Another significant difference between the three cohorts was the male sex predominance among COVID-19 cases in each of the scenarios. Beginning with the first reports out of China, male predominance was evident, especially in those with severe and critical disease [31-34]. In our cohort of VA, males comprised ca 70% of the cohort. This decreased to 56% in the VD cohort, with the difference remaining significant after adjustment (OR: 0.6; 95% CI: 0.4–0.9). In the ND cohort, a female predominance was observed, with males comprising only 44% of the cohort with an OR of 1.59 (95% CI: 1.02–2.46), of vaccinated compared with unvaccinated. We cannot provide an explanation for this trend and suggest further investigation and corroboration from other cohorts.
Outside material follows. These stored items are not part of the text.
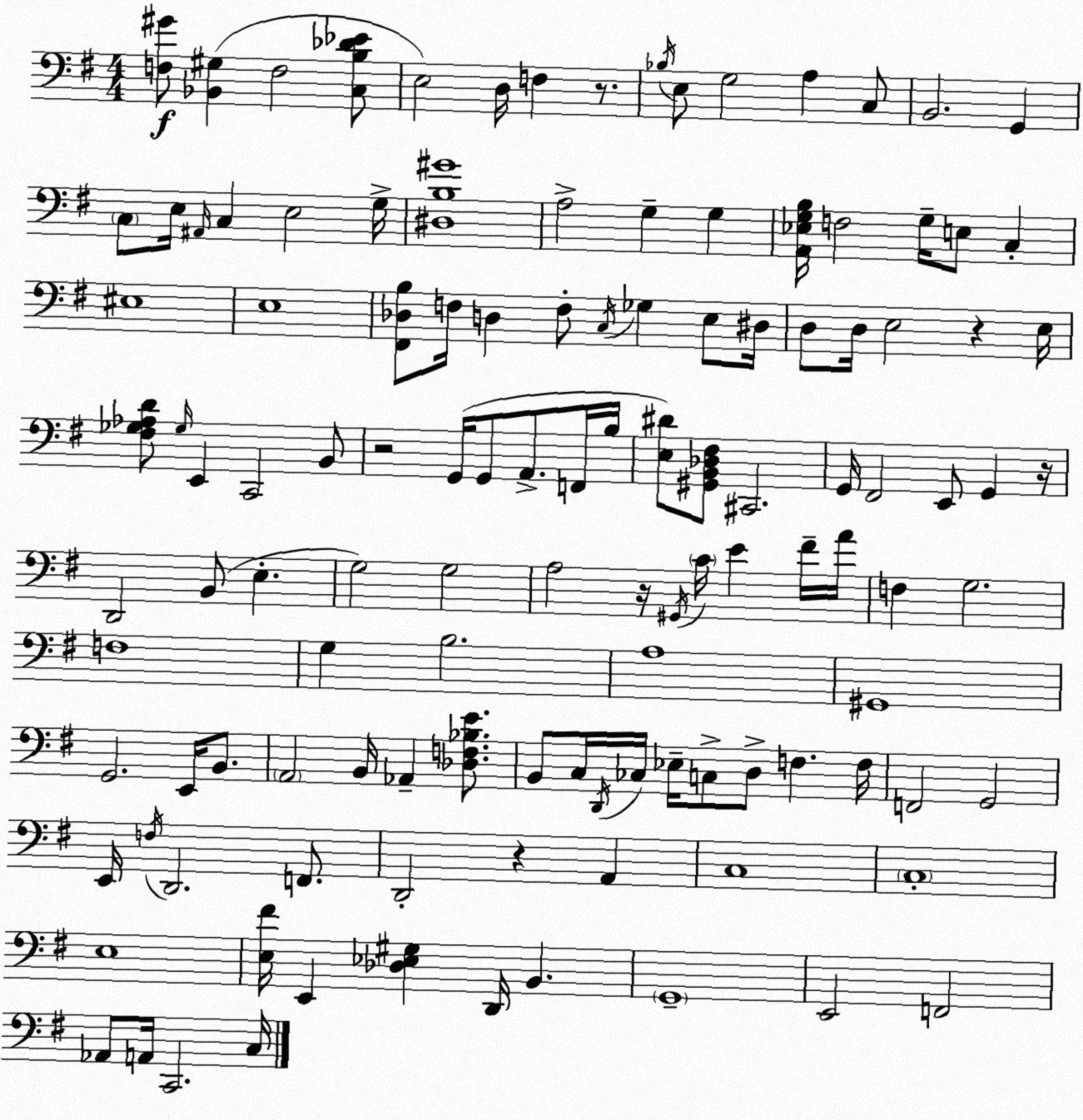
X:1
T:Untitled
M:4/4
L:1/4
K:Em
[F,^G]/2 [_B,,^G,] F,2 [C,B,_D_E]/2 E,2 D,/4 F, z/2 _B,/4 E,/2 G,2 A, C,/2 B,,2 G,, C,/2 E,/4 ^A,,/4 C, E,2 G,/4 [^D,B,^G]4 A,2 G, G, [A,,_E,G,B,]/4 F,2 G,/4 E,/2 C, ^E,4 E,4 [^F,,_D,B,]/2 F,/4 D, F,/2 C,/4 _G, E,/2 ^D,/4 D,/2 D,/4 E,2 z E,/4 [^F,_G,_A,D]/2 _G,/4 E,, C,,2 B,,/2 z2 G,,/4 G,,/2 A,,/2 F,,/4 B,/4 [E,^D]/2 [^G,,B,,_D,^F,]/2 ^C,,2 G,,/4 ^F,,2 E,,/2 G,, z/4 D,,2 B,,/2 E, G,2 G,2 A,2 z/4 ^G,,/4 C/4 E ^F/4 A/4 F, G,2 F,4 G, B,2 A,4 ^G,,4 G,,2 E,,/4 B,,/2 A,,2 B,,/4 _A,, [_D,F,_B,E]/2 B,,/2 C,/4 D,,/4 _C,/4 _E,/4 C,/2 D,/2 F, F,/4 F,,2 G,,2 E,,/4 F,/4 D,,2 F,,/2 D,,2 z A,, C,4 C,4 E,4 [E,^F]/4 E,, [_D,_E,^G,] D,,/4 B,, G,,4 E,,2 F,,2 _A,,/2 A,,/4 C,,2 C,/4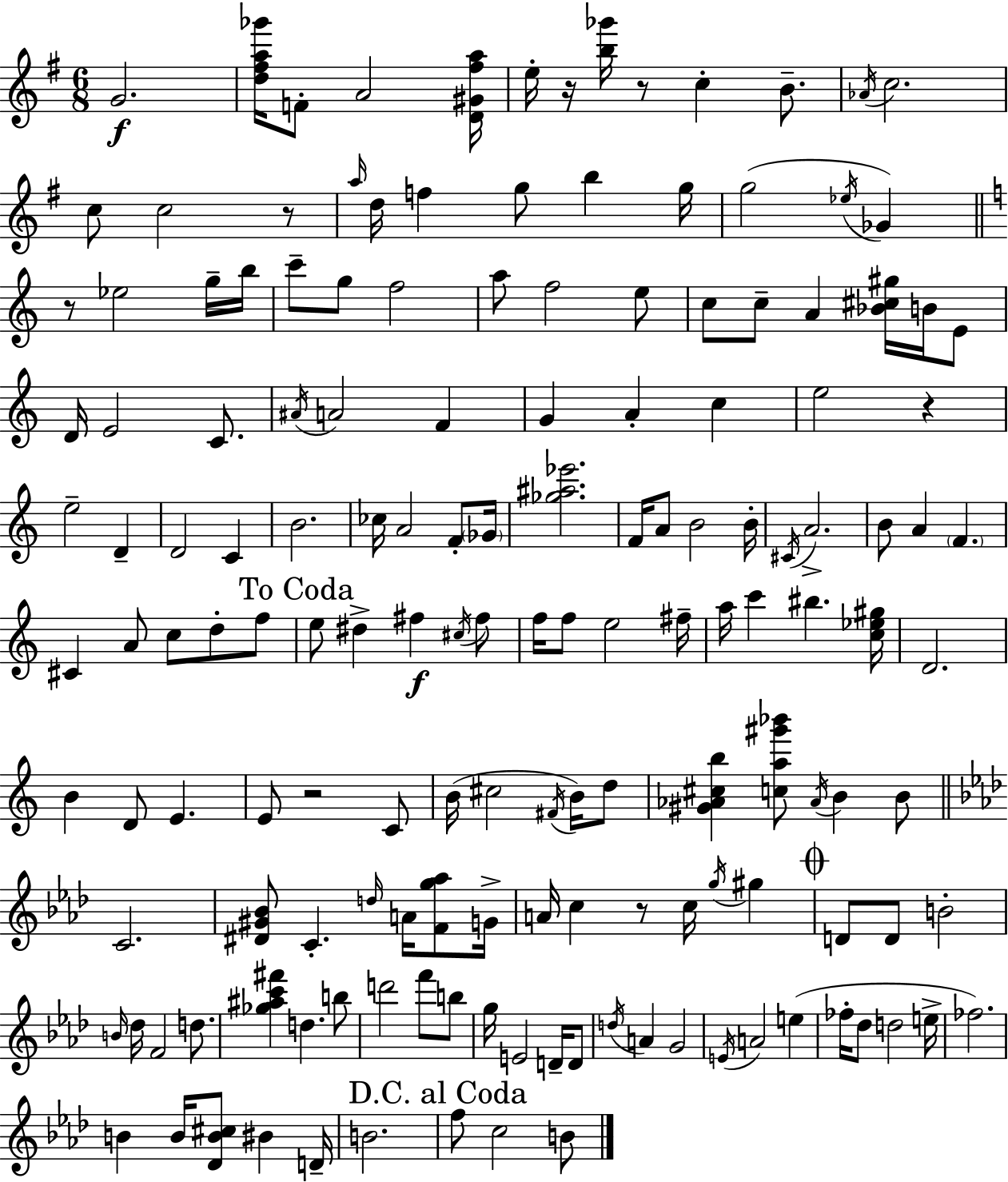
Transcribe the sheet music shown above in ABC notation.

X:1
T:Untitled
M:6/8
L:1/4
K:Em
G2 [d^fa_g']/4 F/2 A2 [D^G^fa]/4 e/4 z/4 [b_g']/4 z/2 c B/2 _A/4 c2 c/2 c2 z/2 a/4 d/4 f g/2 b g/4 g2 _e/4 _G z/2 _e2 g/4 b/4 c'/2 g/2 f2 a/2 f2 e/2 c/2 c/2 A [_B^c^g]/4 B/4 E/2 D/4 E2 C/2 ^A/4 A2 F G A c e2 z e2 D D2 C B2 _c/4 A2 F/2 _G/4 [_g^a_e']2 F/4 A/2 B2 B/4 ^C/4 A2 B/2 A F ^C A/2 c/2 d/2 f/2 e/2 ^d ^f ^c/4 ^f/2 f/4 f/2 e2 ^f/4 a/4 c' ^b [c_e^g]/4 D2 B D/2 E E/2 z2 C/2 B/4 ^c2 ^F/4 B/4 d/2 [^G_A^cb] [ca^g'_b']/2 _A/4 B B/2 C2 [^D^G_B]/2 C d/4 A/4 [Fg_a]/2 G/4 A/4 c z/2 c/4 g/4 ^g D/2 D/2 B2 B/4 _d/4 F2 d/2 [_g^ac'^f'] d b/2 d'2 f'/2 b/2 g/4 E2 D/4 D/2 d/4 A G2 E/4 A2 e _f/4 _d/2 d2 e/4 _f2 B B/4 [_DB^c]/2 ^B D/4 B2 f/2 c2 B/2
The strengths of this study include its multicentre design, including the majority of Israel's general hospitals and the detailed and systematic collection of individual clinical data by infectious diseases specialists. However, some limitations are to be noted. The data collection method is dependent on the accuracy of the information in the electronic records, and therefore might be partial. Only data on several pre-specified comorbidities were systematically collected, and we did not perform analysis of combinations of comorbidities. Censoring bias was greatly limited by updating patients' outcomes 11 weeks after the last patient was admitted. Data on Cq values and anti-S antibodies were not available for all included patients and therefore might not be representative of the entire cohorts. Furthermore, we analysed Cq values and anti-S titres from different laboratory platforms together, while individual methods vary in the correlation of viral loads and Cq value [35], and anti-S and neutralising titres. The generalisability of these findings to other countries might be highly dependent on the timing of the COVID-19 vaccination campaign, the circulating variants and the population's age and health status. Variant identification was available for a minority of patients. Nevertheless, national monitoring during the different periods showed a clear variant predominance, which was further corroborated for a sample of cohort patients with laboratory identification. Last, we allowed inclusion of vaccinated individuals to the VD cohort 7 days after their last dose, which is earlier than usually accepted for effectiveness studies, but only two patients were eventually included within a 7–14 day period after vaccination, and the IQR for the entire cohort was 166–187.

Conclusions

We describe distinct groups of COVID-19 patients requiring hospitalisation. Patients with breakthrough infection following a two-dose mRNA vaccination were 2 decades older than unvaccinated patients, and had more comorbidities correlated with that age difference, although importantly, once hospitalised their outcome was similar. Breakthrough infections with the less transmissible Alpha variant that occurred shortly after vaccination were often in immunosuppressed individuals with a high prevalence of comorbidities. Conversely, breakthrough infections with the more transmissible and modestly vaccine-evasive Delta variant, occurring 6 months after vaccination, were less associated with immunosuppression and frequent comorbidities. This suggests that waning immunity in immunocompetent elderly individuals has contributed to the decreased protection for these individuals. Consequently, our findings add to previous data justifying a timely vaccine booster administration as a countermeasure to avert the surge in severe illness and hospitalisations in these patients.